Nella storia della filosofia la capacità di astrarre si rivela un passaggio fondamentale: si pensi solo alla distinzione aristotelica di materia e forma. In politica si è sovente così travolti dalle circostanze che tale esercizio risulta quasi improponibile.
Proviamo a mettere in parentesi, tuttavia, il contesto “accidentale” nel quale si inscrive la lettera di Matteo Renzi al quotidiano la Repubblica e i riferimenti in essa contenuti alla cronaca politica (in particolare alla mancata conferma elettorale di Franco Marini). Restano in piedi alcuni messaggi importanti. Innanzitutto il sindaco di Firenze denuncia l’uso strumentale dell’appartenenza confessionale al fine di conseguire cariche pubbliche. La logica dell’alternanza al Quirinale di un “laico” e di un “cattolico” è ormai un’ipocrisia, un rituale vuoto, un pretesto, specie al cospetto di un’Italia variegata e plurale. Chiediamoci per un istante, ad esempio: come “inquadrare” la presidenza di Carlo Azeglio Ciampi, profondamente laico e cattolico?
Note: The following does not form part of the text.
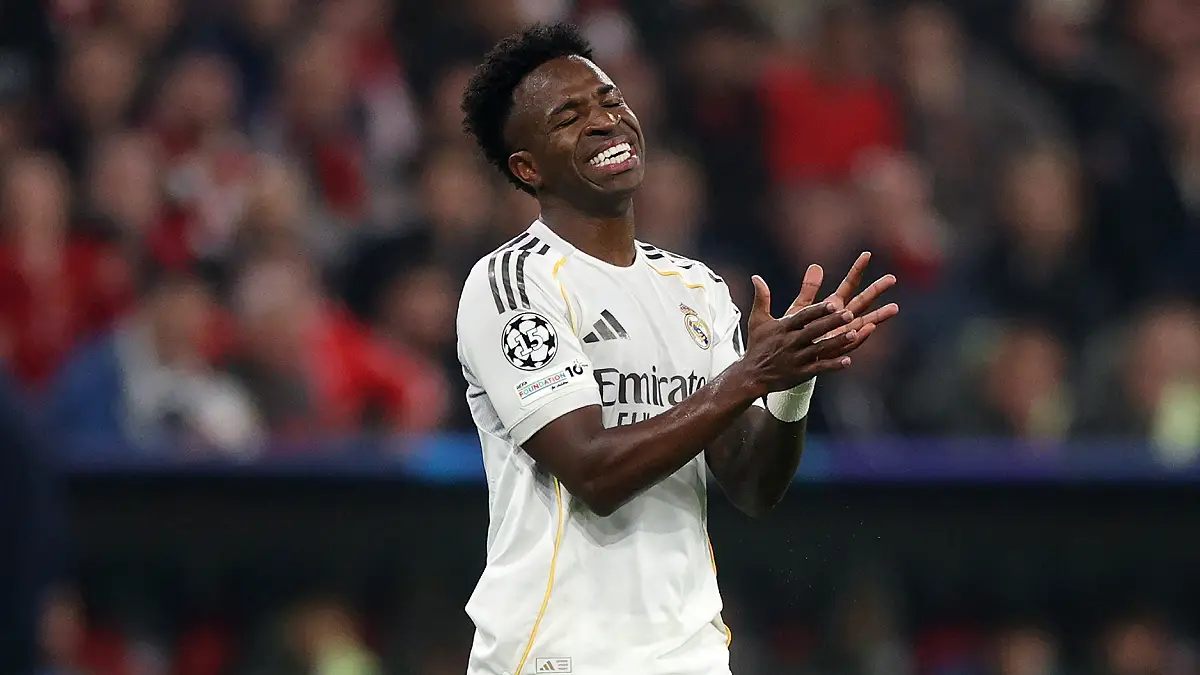 MUNICH, GERMANY - APRIL 15: Vinicius Jr. of Real Madrid reacts during the UEFA Champions League 2025/26 Quarter-Final Second Leg match between FC Bayern München and Real Madrid CF at Football Arena Munich on April 15, 2026 in Munich, Germany. (Photo by Adam Pretty/Getty Images)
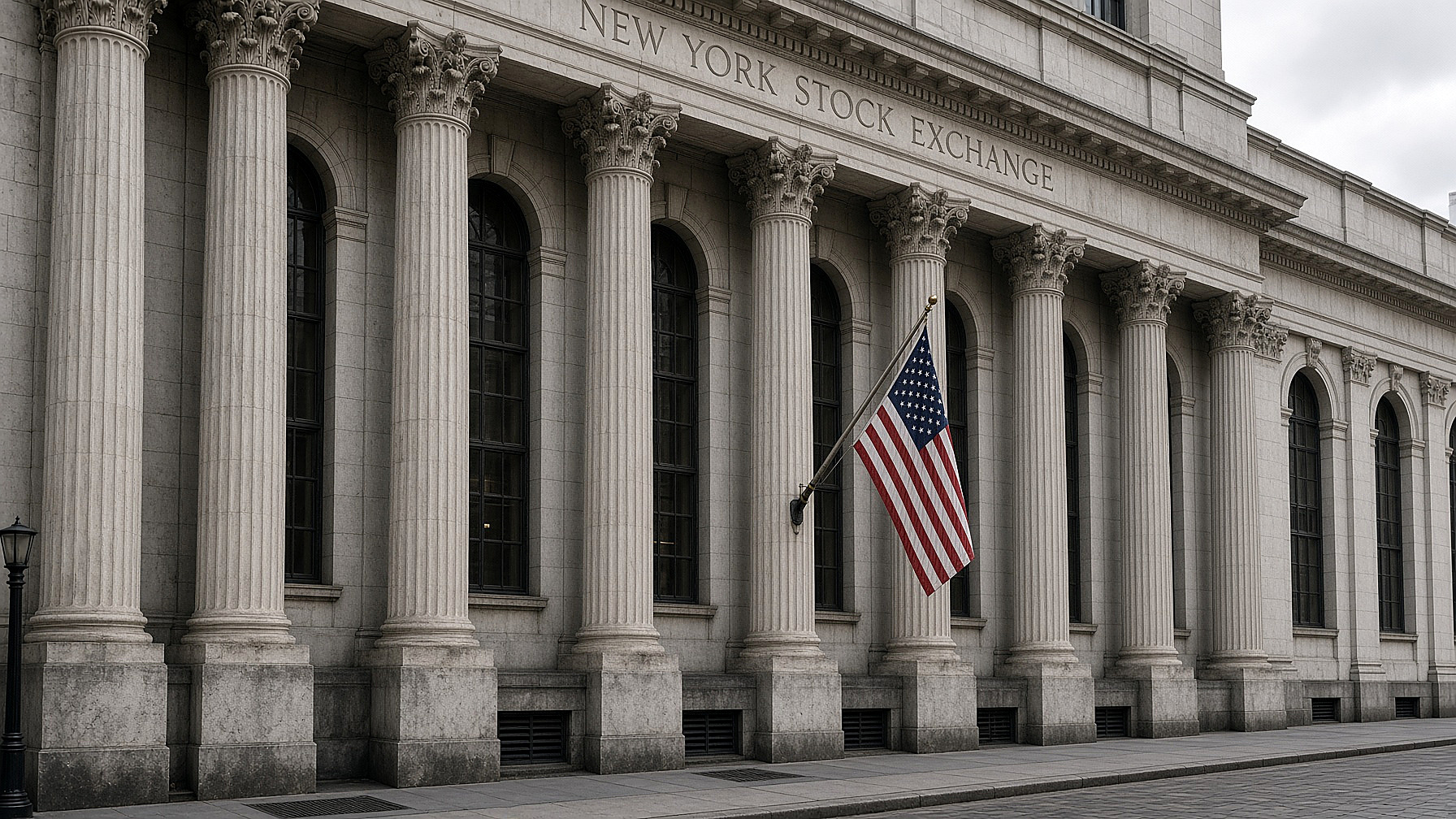 The New York Stock Exchange facade, marble columns and the carved name, an American flag on the pole, stone and sky in color. No figures in the frame.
Poi Renzi rileva che spesso coloro che provano a trarre forza dal proprio credo religioso nell’agone politico mostrano un volto retrogrado e farisaico lontano dall’espressione più autentica e genuina della fede.
Ma, passaggio altrettanto importante, egli, a differenza, poniamo, di Ignazio Marino, non tende a relegare la dimensione spirituale nella sfera intima e personale, considerandola al contrario un fermento prezioso nella vita pubblica. Anche in nome di ciò occorre uscire dalle finzioni e dai rituali degli ultimi decenni per ridestare negli italiani la speranza, magari al prezzo di rompere schemi e copioni non più credibili, seppur talora in apparenza rassicuranti.